Dessa forma, Nuno Borges, que vai começar por defrontar o francês Alexandre Müller e cruza depois com o vencedor da partida entre Jordan Thompson e Dominik Köpfer, contará com a presença de Jaime Faria, que após passar toda a qualificação com apenas um set perdido não teve propriamente um mau sorteio dentro das possibilidades existentes, jogando na primeira ronda com o russo Pavel Kotov e tendo depois no encontro seguinte, em caso de triunfo, o vencedor do jogo entre Nishesh Basavareddy e… Novak Djokovic.
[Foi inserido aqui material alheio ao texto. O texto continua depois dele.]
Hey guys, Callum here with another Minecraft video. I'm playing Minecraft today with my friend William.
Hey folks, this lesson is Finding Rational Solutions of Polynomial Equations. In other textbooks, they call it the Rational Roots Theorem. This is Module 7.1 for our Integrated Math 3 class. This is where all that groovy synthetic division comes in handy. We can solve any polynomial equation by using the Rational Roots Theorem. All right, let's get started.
É o ponto alto da carreira do jovem jogador português de 21 anos, ainda pouco conhecido do público em geral e do próprio ATP, que esta manhã não tinha uma fotografia na sua página de perfil no site oficial.

Nuno Borges apura-se para as meias-finais em Auckland

Contas feitas, e segundo dados apresentados pelo Bola Amarela, Jaime Faria vai tornar-se o décimo jogador português a marcar presença no quadro principal de singulares de um Grand Slam depois de João Sousa (o melhor tenista nacional de todos os tempos, que atingiu por 38 ocasiões esse patamar), Frederico Gil, Nuno Marques, Nuno Borges, Rui Machado, Gastão Elias, João Cunha e Silva, Pedro Sousa e Frederico Silva. Em paralelo, o lisboeta de 21 anos conseguiu algo que somente Frederico Silva conseguira em 2021: passar ao quadro principal do Open da Austrália via qualificação, algo que Rui Machado, Leonardo Tavares, João Sousa, Gastão Elias, Pedro Sousa, João Monteiro e João Domingues tentaram mas não alcançaram.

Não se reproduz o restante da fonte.